As to the sushi selection, the “Peruvian-style chotoro tuna tataki” ($12) spun a little ceviche music (cilantro pesto, minced chilies) in with the wasabi and homemade soy sauce. It was served over excellent tuna that was seared at the edges, as well as a smidgen of perfectly cooked sushi rice. Many of the sashimi plates are also available as sushi, albeit with completely different accents.

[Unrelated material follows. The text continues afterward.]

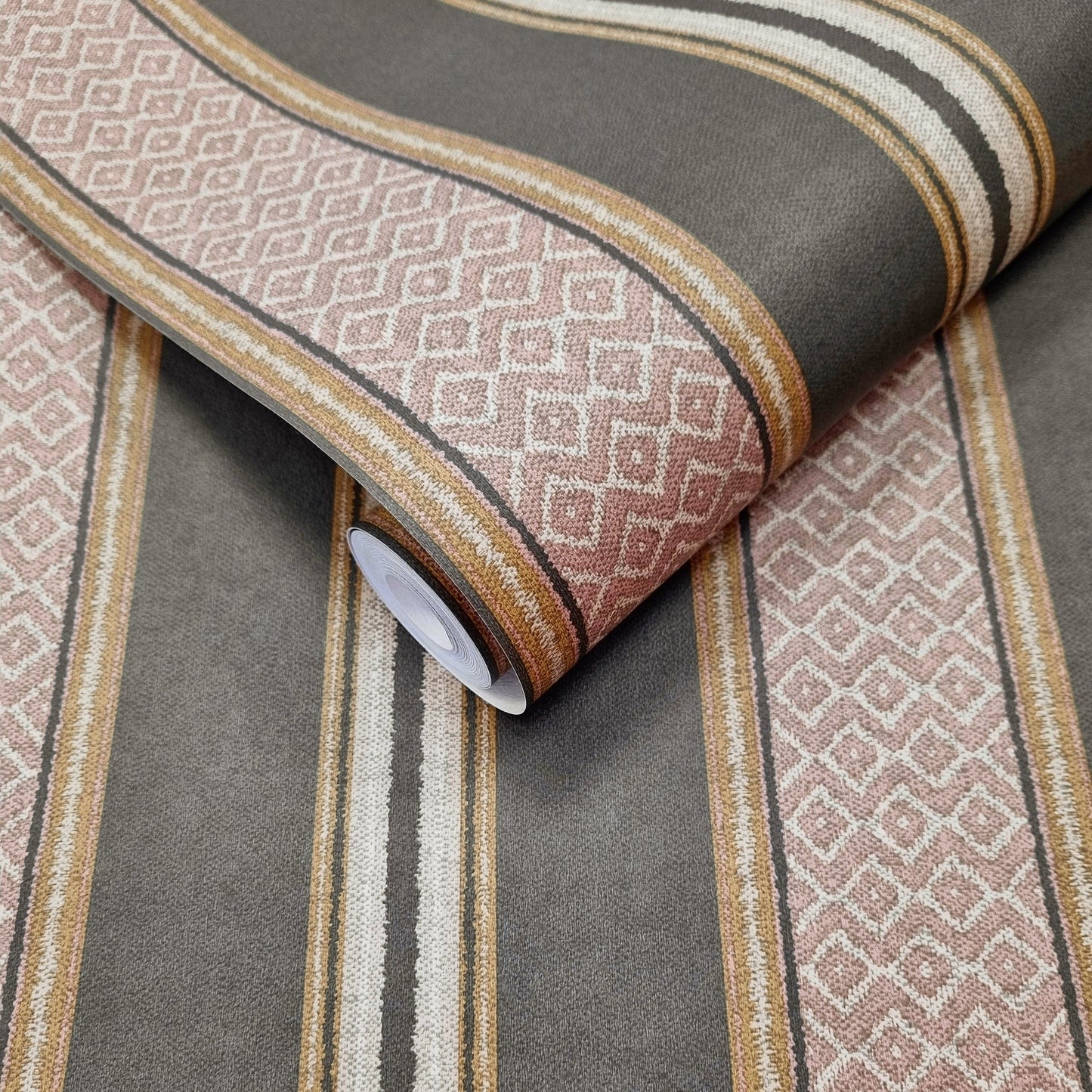Patola Charcoal wallpaper roll showing the woven-stripe repeat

Much of the menu features heirloom products like Poulet Rouge chicken, Kurobuta (Berkshire) pork, and Wagyu (Kobe-style) beef. Thus, you can order O Ya’s “house salad” ($9) and end up with a Vietnamese version of this dish: a small mound of shredded vegetables, with pea greens and Asian mint on top. It boasts a decidedly meaty and sesame flavor, and is accented by spiced walnuts. This is not your grandfather’s house salad.
Neither is something like Okinawan-style braised pork ($18), an appetizer portion of well-flavored heritage pork chunks. They’re served in an exquisite soy-based sauce with perhaps a dozen fresh rice beans. Grandpa would eat every bite, but he might need about four plates for dinner.

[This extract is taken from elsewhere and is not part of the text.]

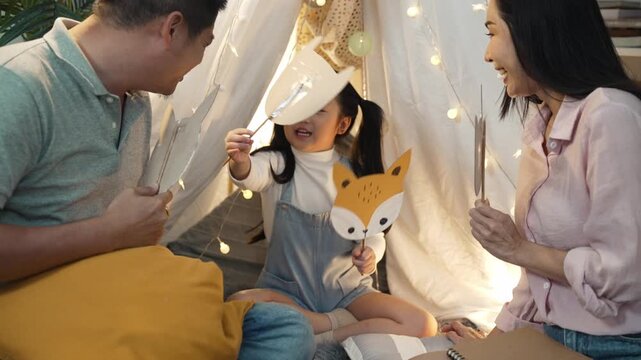 Happy Asian family with father, mother and daughter playing with animal paper masks in a cozy teepee tent at home. They are smiling and bonding together during storytelling time in a warm bedroom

Even the $149.99 Aragawa-style loin steak and frites — the most expensive steak in Boston, as well the item that jumps off this menu — is not a huge portion: perhaps four-inches square and two-inches thick. Worse, it wasn’t exceptionally tender. The flavor is to aged steakhouse steak as sake is to dry sherry. That is to say, the Kobe-style beef (Aragawa is a famous expensive steak restaurant in Tokyo) has a pure, lean, clean, and mild beefy flavor. White (true) wasabi, which is milder than the green horseradish-enhanced wasabi, was the only condiment. The frites served with it were long, large slices of skin-on potato; they were nicely fried, but over-seasoned with sea salt. The Phoenix spent this money so you don’t have to; if you are that hungry, have several dishes, perhaps including one of the smaller beef plates.
Even the fried soft-shell crab ($16) isn’t your grandfather’s soft-shell crab. It’s half a crab, fried to a perfect crisp, positioned on the edge of the plate so that the legs point up, and served on a puddle of spicy mayonnaise, which is an impeccable condiment for any fried food.
O Ya has a list of 17 sakes, but don’t expect any of them to be served warm — quality sake never is. One of the owners here is a trained sake sommelier, and can match particular sakes to your food. Here, though, I matched a range of dishes with an Asahi dry beer ($7), which is perhaps the perfect foil for Japanese flavors. The Zind Humbrecht 2005 gewürztraminer ($14/$55) was also quite successful: richer and with a smoother finish than the usual style of Alsatian gewürtz. For a red wine, the 2005 Vina Chocolan carmenere ($9/$34) was all deep, dark fruit, in a lighter style that brings out some spice.